The Saudi move was soon followed by Bahrain and Kuwait, then by the rest of the Gulf’s monarchies, and then by the Arab League as a whole, which suspended Syria’s membership and imposed sanctions on the Assad regime in November 2011.
Eighteen Arab countries backed that resolution, with only Syria and Lebanon opposing it, and Iraq abstaining. A diplomatic exodus then ensued, as 18 Arab embassies in Damascus were shuttered, scores of Syrian diplomats were returned home, and the Syrian economy, already crippled by the war and by American and European sanctions, was boycotted by most of the Arab world, as well.
It was part of a broad international campaign, led by the US and France and joined by all Western countries as well as Turkey. Turkish President Recep Tayyip Erdogan repeatedly called Assad a “butcher,” as did then British PM David Cameron and then French President François Hollande.
Assad survived this pressure, and indeed, in the cases of Cameron, Hollande and US President Barack Obama, has not only outlasted all these leaders, but their successors as well.
Now, a decade after Syria’s suspension from the Arab League, signs are mounting that Arab leaders are increasingly accepting Assad’s survival and re-legitimising his rule – a policy shift that is sending tremors across the region, from Ankara to Teheran.
The first glimmer of retreat from Syria’s excommunication began in December 2018, when then-Sudanese President Omar al-Bashir landed in Damascus.
Though Bashir was himself a pariah in much of the world, having been indicted by the International Criminal Court for war crimes in his own country’s civil war, his visit clearly happened with Riyadh’s blessing, the Saudis having previously mended fences with him.
Shortly before Bashir’s visit, Bahrain’s Foreign Minister Khalid bin Ahmed al-Khalifa publicly shook hands with then-Syrian Foreign Minister Walid al-Mualem – a gesture that could not have happened without Riyadh’s acquiescence.
The Saudi strategic decision to re-engage with Damascus really became clear several days after Bashir’s visit, when the United Arab Emirates, another close Saudi ally, reopened its embassy in Damascus.
Subsequent events amounted to a thoroughgoing retreat from the Arab world’s diplomatic and commercial boycott of Syria after 2011.

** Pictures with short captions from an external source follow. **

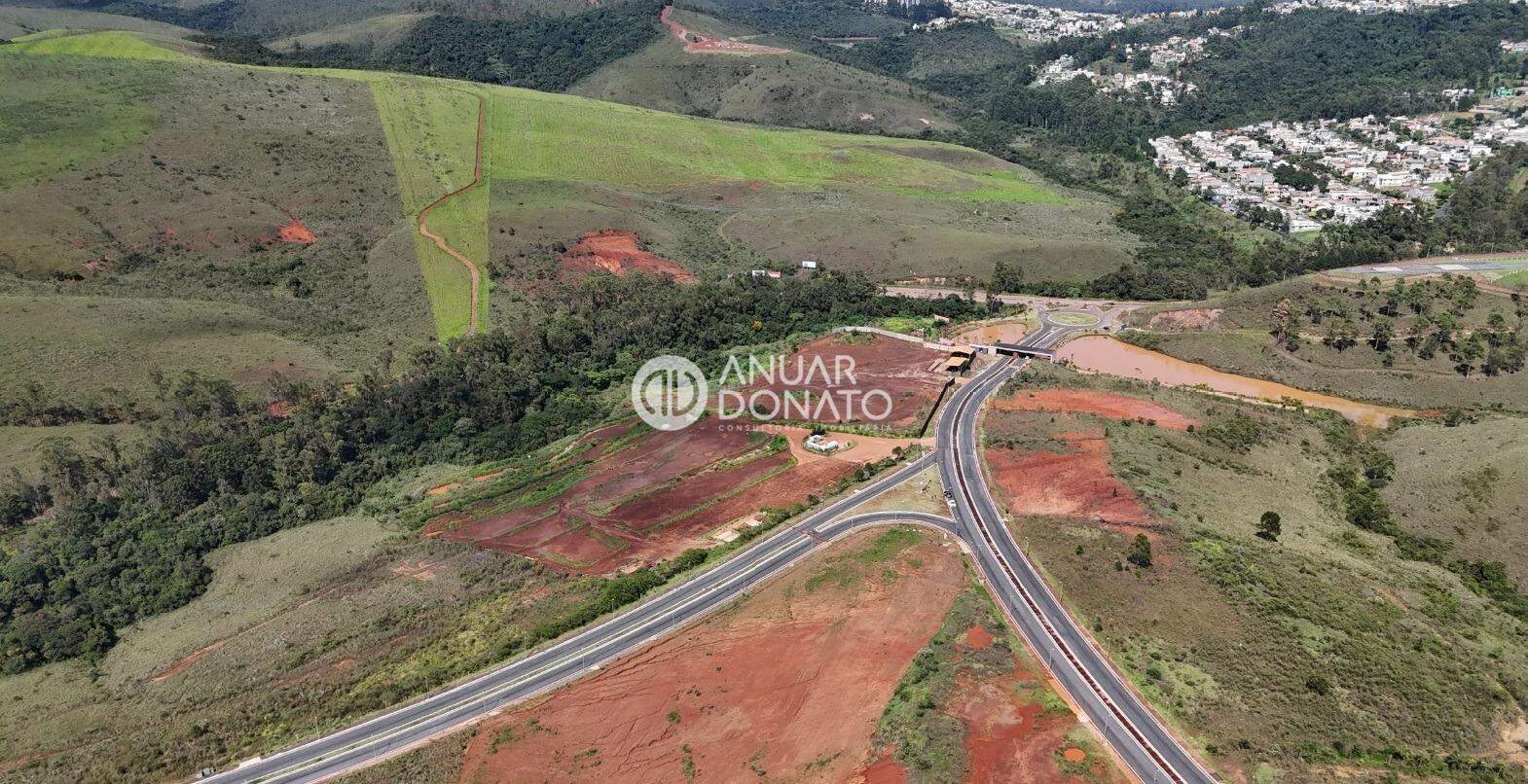  Alameda das Águas - Lote / Terreno à venda na Anuar Donato : 
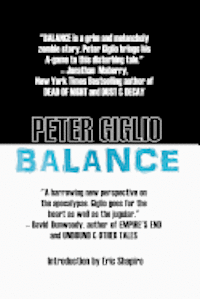 Peter Giglio - Balance, Häftad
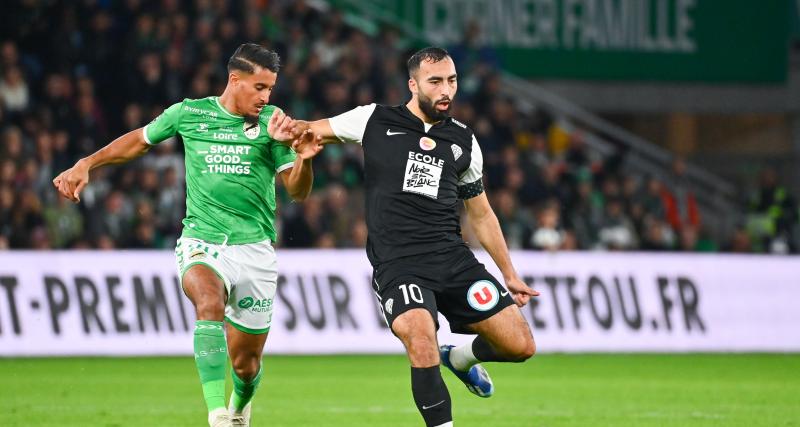  - ASSE : une tendance forte et positive se dégage avant Angers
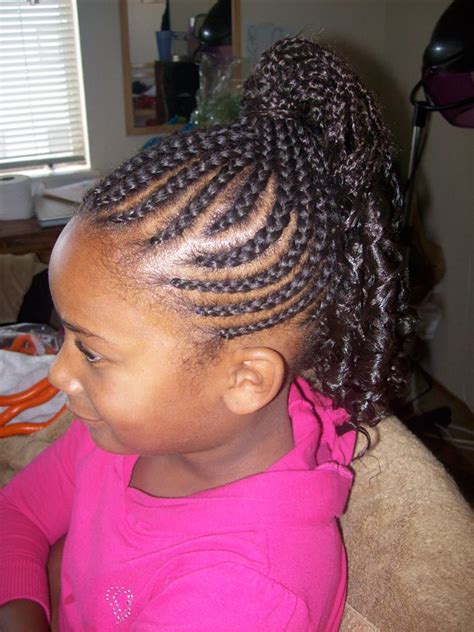 05.05.2019 · hairstyles for black girls with weave 1. Nice corn rows - definitly going to try this! | Kroeshaar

In January 2019, Moroccan Foreign Minister Nasser Bourita called for “Arab coordination concerning Syria’s return to the Arab League.” In May 2020, Arab media reports claimed the Saudi chief of intelligence Khalid al-Humaidan secretly visited Damascus and met with Assad. This past September, Jordan reopened a border crossing south of Daraa, the Syrian town where the civil war began, and in October, Jordan’s King Hussein took a phone call from Assad. In early November, Emirati Foreign Minister Sheikh Abdullah bin Zayed visited the Syrian President at his palace, amid Arab media reports that Riyadh has decided to restore full diplomatic ties with Damascus.
What, then, is driving this evolving thaw?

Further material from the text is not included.